Date Tue, 26 Jun 2012 11:04:19 +0200


Dans "Genre et rapports sociaux de sexe", Roland Pfefferkorn propose une initiation
aux concepts utilisés pour aborder les inégalités sociales hommes/femmes. En
particulier, son approche met en avant l'apport des travaux issus du féminisme
matérialiste. Cela le conduit à mettre en valeur les ambiguïtés de la notion de
genre et à montrer les avantages théoriques de l'analyse en termes de rapports
sociaux de sexe. Dans l'introduction, l'auteur met en perspective l'histoire de la
sociologie en rappelant que ce n'est qu'à partir des années 1970, par l'action des
militantes et de chercheuses féministes, que cette discipline est conduite à prendre
en compte le fait social de l'inégalité homme/femme.

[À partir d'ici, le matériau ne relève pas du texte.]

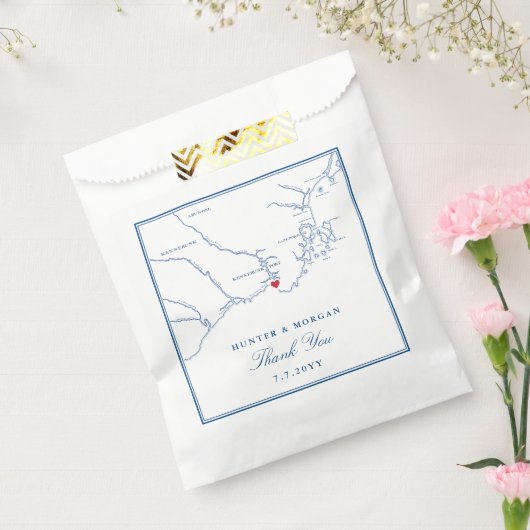 Kennebunkport Maine Map Elegant Wedding Geschenktütchen (Versiegelt)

Rompre avec le naturalisme

Dans un premier chapitre, intitulé « Rompre avec le naturalisme », l'auteur est
conduit à mettre en valeur la rupture que constitue l'approche féministe
matérialiste par rapport aux perspectives antérieures, avant les années 1970,
tournées vers les notions de rôles sociaux. S'inscrivant dans une continuité avec le
Deuxième sexe de Simone de Beauvoir, les théorisations de Christine Delphy,
inspirées par un usage hétérodoxe de Marx, sont ici fondamentales. L'auteur rappelle
comment ont été construits les concepts de « patriarcat », de « mode de production
domestique », de « travail domestique » comme catégories autonomes du capitalisme.
Néanmoins, elles se heurtent selon lui à certaines limites : « En sous estimant, de
notre point de vue, les changements réels qui sont intervenus, même s'ils sont très
partiels et parfois difficiles à interpréter, en négligeant l'accroissement des
marges d'autonomie des femmes au cours des dernières décennies, Christine Delphy
s'interdit de prendre en compte l'historicité et la dynamique du mode de production
domestique, elle inscrit sa conceptualisation dans une perspective fondamentalement
fixiste » (p. 38).

Ce n'est que dans les approches en termes de division sexuelle du travail et avec le
concept de rapports sociaux de sexe que certaines apories sont résolues. Elles
permettent ainsi de penser l'exploitation de femmes, de plus en plus nombreuses sur
le marché de l'emploi, conjointement dans la sphère domestique et productive.


La notion de genre

Le second chapitre est consacré à l'étude de la notion de genre dont l'auteur met en
valeur les ambivalences qui ont pu conduire au large succès de ce terme. Il est
possible de souligner par exemple, parmi les analyses qu'il effectue, le contraste
entre deux théorisations du genre. Cette notion semble pouvoir se confondre
initialement avec celle de sexe social. L'auteur rappelle à ce propos les
théorisations de Colette Guillaumin sur la construction de la «classe de sexe des
femmes» par le sexage, c'est-à-dire «l'appropriation privée et collective» des
femmes. Il montre cependant comment la notion de genre, telle qu'elle est utilisée
dans les théories queer, conduit à réduire l'opposition entre féminin et masculin à
ses dimensions normatives et aux questions d'identités sexuelles.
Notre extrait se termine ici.